- _Records provided_
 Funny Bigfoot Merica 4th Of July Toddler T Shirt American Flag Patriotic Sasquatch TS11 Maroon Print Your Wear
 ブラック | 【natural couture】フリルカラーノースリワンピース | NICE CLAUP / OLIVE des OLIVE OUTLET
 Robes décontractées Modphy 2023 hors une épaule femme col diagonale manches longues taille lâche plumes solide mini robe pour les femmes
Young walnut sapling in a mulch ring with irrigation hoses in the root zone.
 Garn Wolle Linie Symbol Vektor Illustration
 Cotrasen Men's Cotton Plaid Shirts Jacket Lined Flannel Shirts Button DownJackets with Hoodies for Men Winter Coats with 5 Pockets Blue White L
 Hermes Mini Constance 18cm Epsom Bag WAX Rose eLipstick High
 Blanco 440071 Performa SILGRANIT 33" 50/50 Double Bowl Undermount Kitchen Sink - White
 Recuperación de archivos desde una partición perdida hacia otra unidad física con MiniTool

--

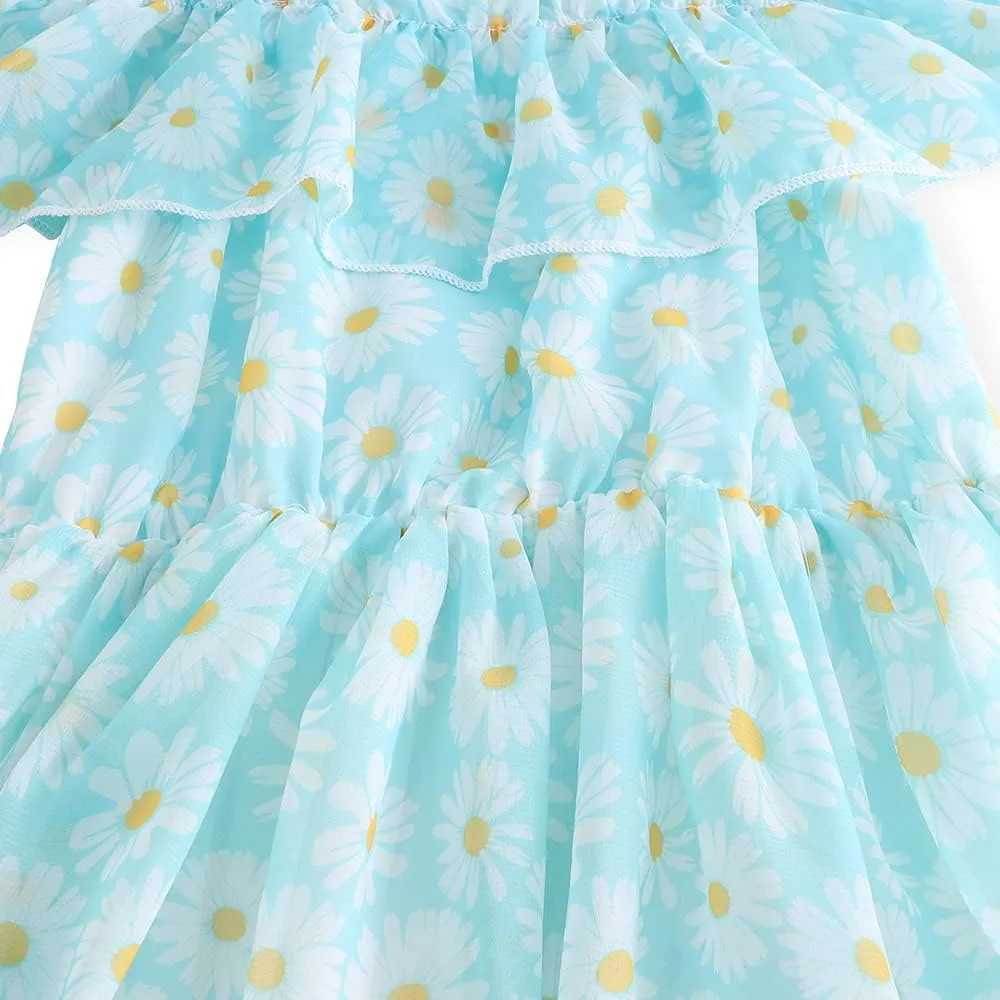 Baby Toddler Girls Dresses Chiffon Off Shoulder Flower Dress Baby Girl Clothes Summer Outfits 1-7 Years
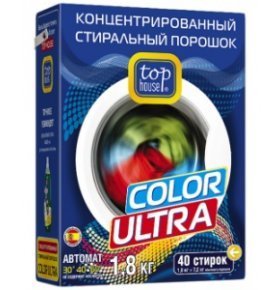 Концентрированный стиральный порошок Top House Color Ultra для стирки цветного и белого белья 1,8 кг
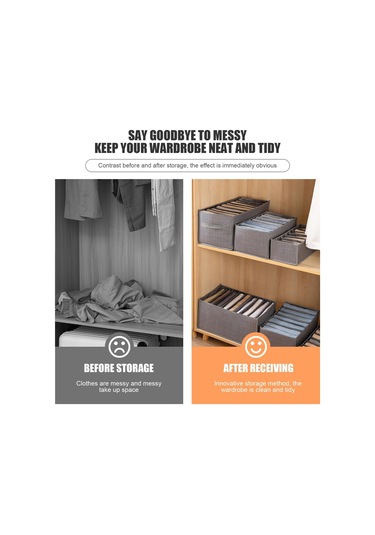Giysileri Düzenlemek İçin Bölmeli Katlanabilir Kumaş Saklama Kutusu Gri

--

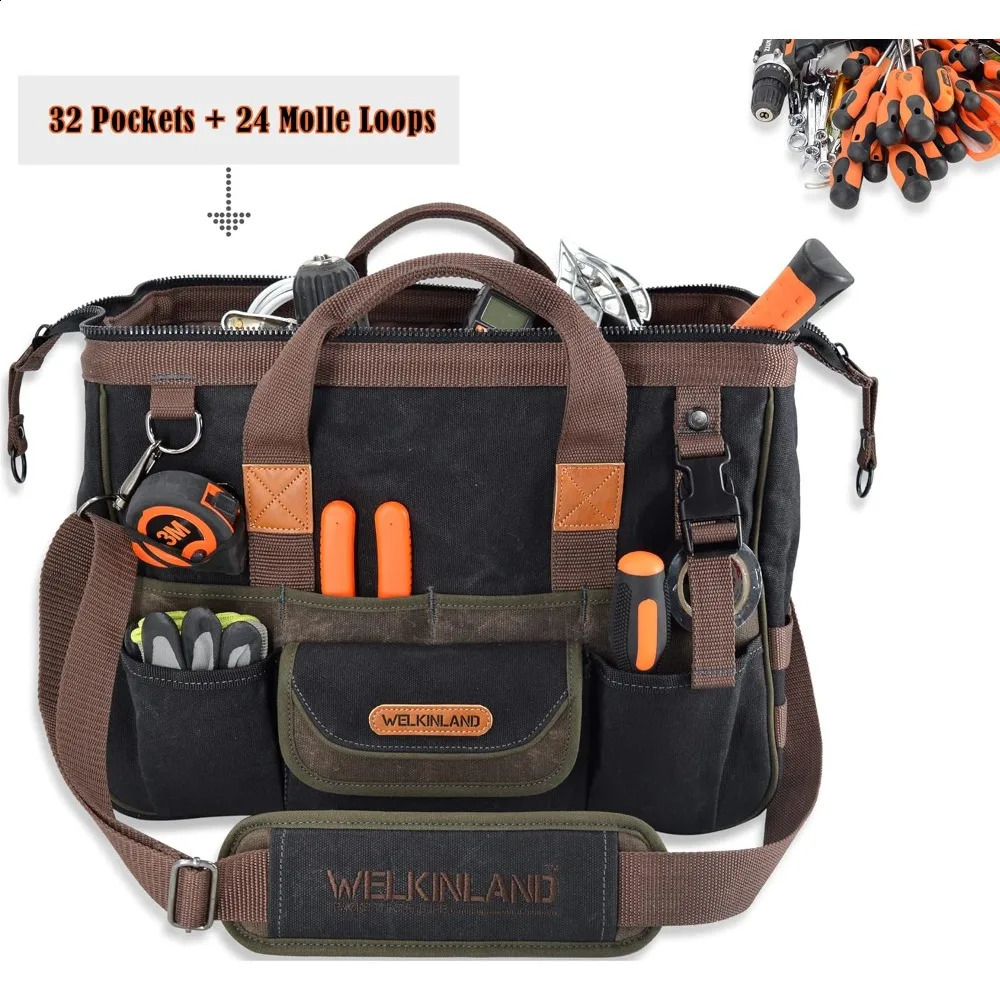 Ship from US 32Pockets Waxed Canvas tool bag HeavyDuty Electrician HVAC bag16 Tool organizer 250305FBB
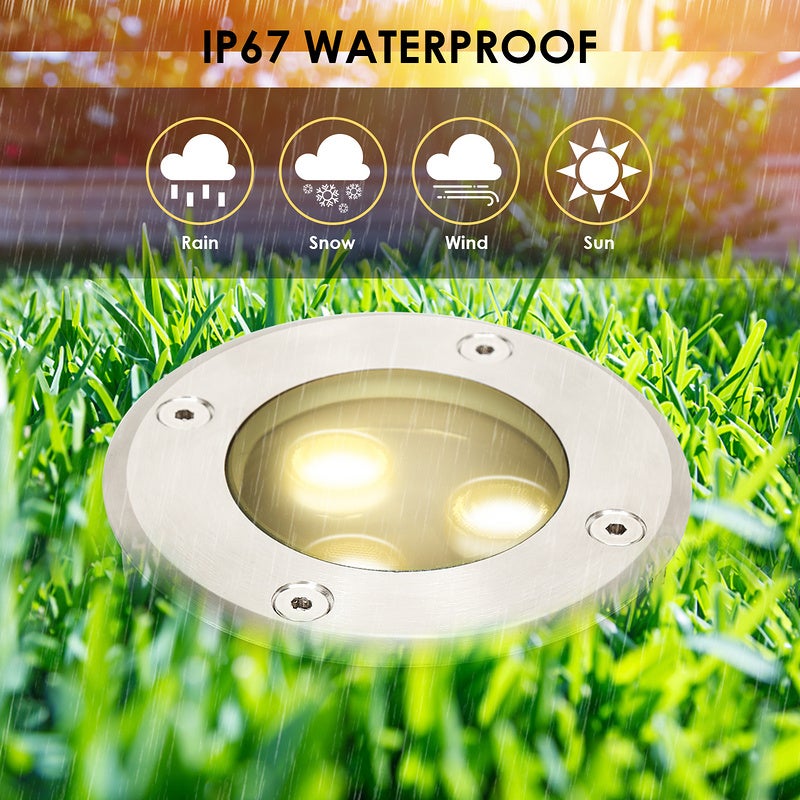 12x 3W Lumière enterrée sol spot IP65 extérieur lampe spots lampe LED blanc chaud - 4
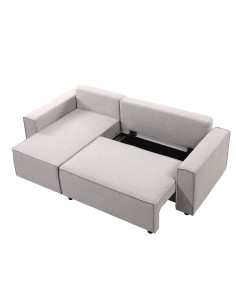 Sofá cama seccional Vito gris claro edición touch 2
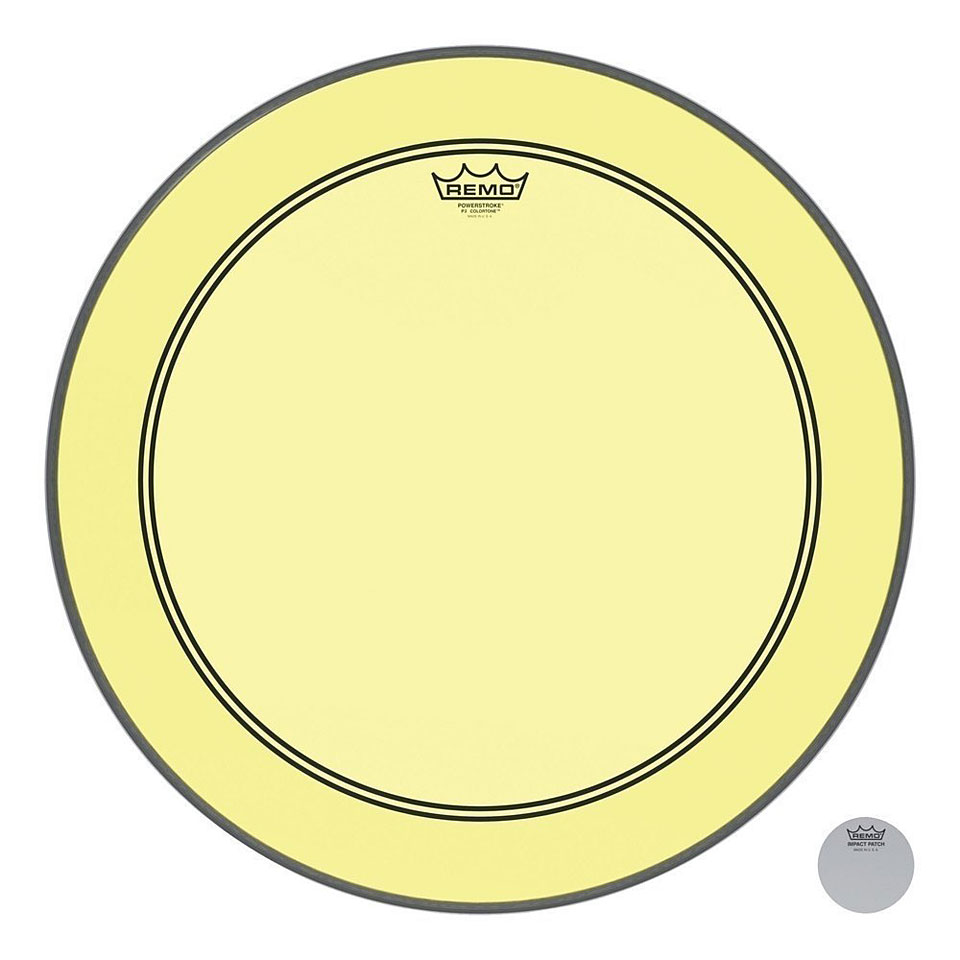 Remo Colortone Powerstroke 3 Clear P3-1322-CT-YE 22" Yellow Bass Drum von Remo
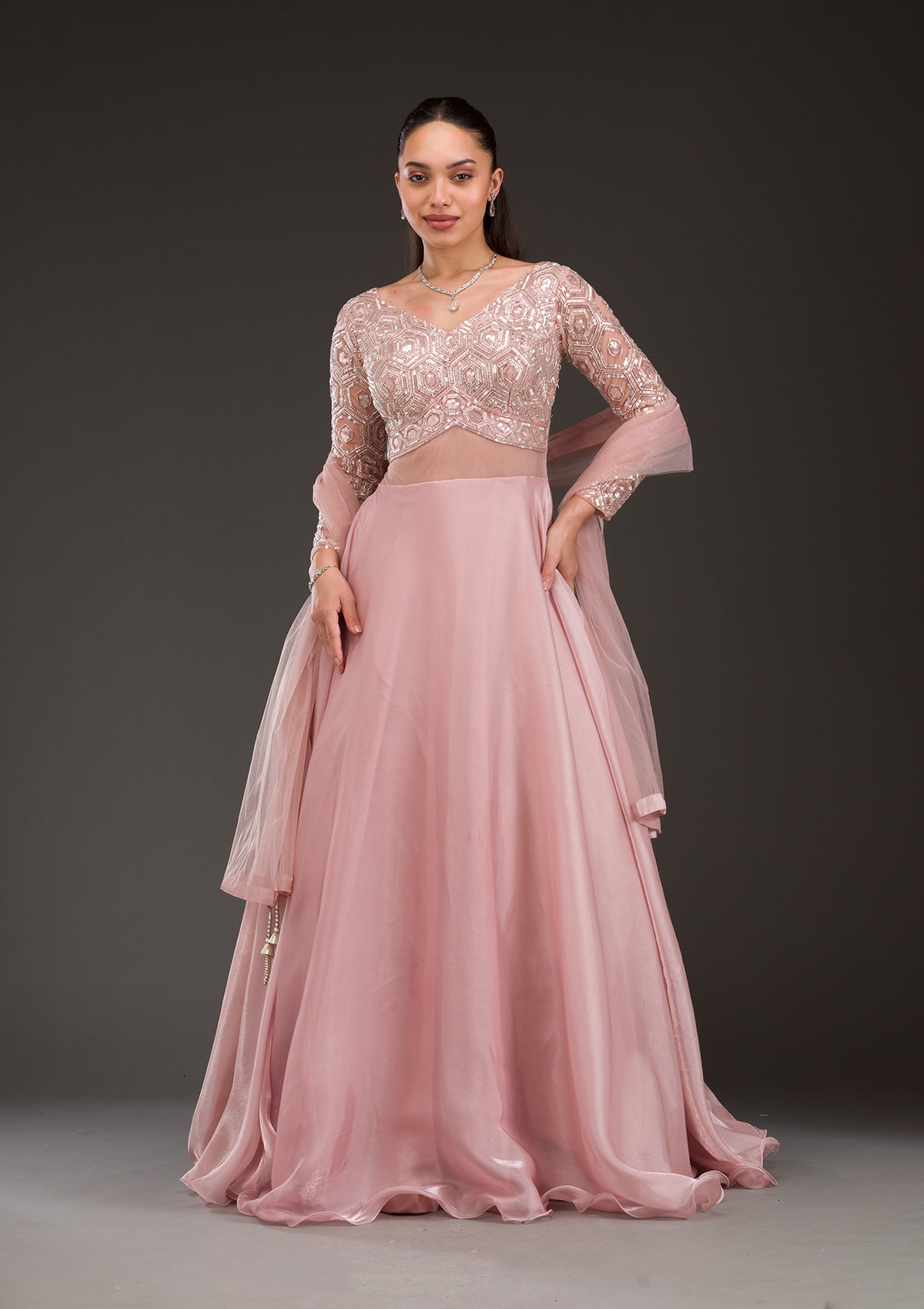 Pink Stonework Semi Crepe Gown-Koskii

- _Activity_
State how many lines in the listing above contain the string "with". Include no other words.

- _Output below_
2